Keeping low, he quickly ducked behind a barrier made of three dented soccer mom vans and slid in next to Wyatt. The barrier of downed vehicles took up the entire road across from a vacant lot and a damaged three-story brick building he hadn’t been able to demolish yet. God, he needed some C-4 or good explosives.

A burning truck at the edge of the vacant lot set the surrounding weeds on fire, and the smell of charring metal corrupted the air. Several other vehicles flanked the burning one, with men firing from the other sides. The empty apartment building rose behind them, silent and dark. “What the fuck?” he muttered.

Automatic weapon fire pinged against the nearest van. Wyatt ducked, his weapon out. “They sent in a truck to explode.”

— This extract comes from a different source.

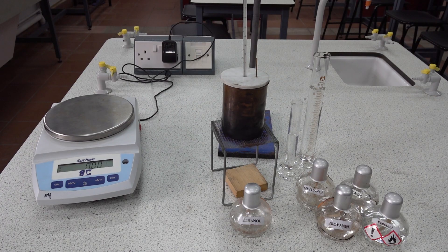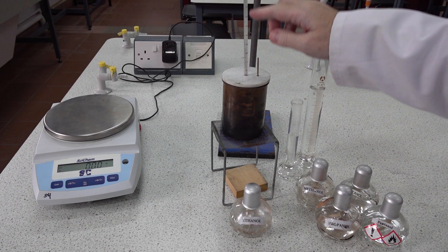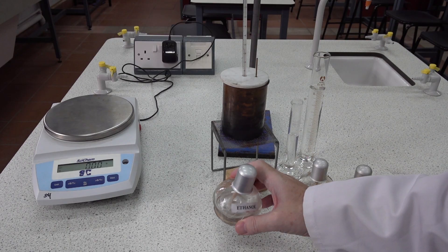For this simple calorimetry experiment looking at the combustion of alcohols, we have a copper calorimeter, a lid and a stirrer, a 0 to 100 degree centigrade thermometer, and a spirit burner containing ethanol.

Jax jerked his head, his gaze focusing on Wyatt. “They wasted fuel like that? How much?”

“Too much.” Wyatt coughed. “Your boy isn’t thinking.”

“We don’t know it’s Cruz.” If it was Cruz, and he’d wasted so much fuel, he was using meth again. Without question.

“Yeah. We do.” Wyatt shifted over and pointed. “Check out the carcass.”

Dread dropping like lead into his gut, Jax peered through a broken window at the Twenty symbol painted and burning on the side of the Mazda. His old gang. “Fuck.” He checked his clip and yelled out, “Cruz? What the hell?”

The weapon discharge ended. “Mercury? That you, buddy?”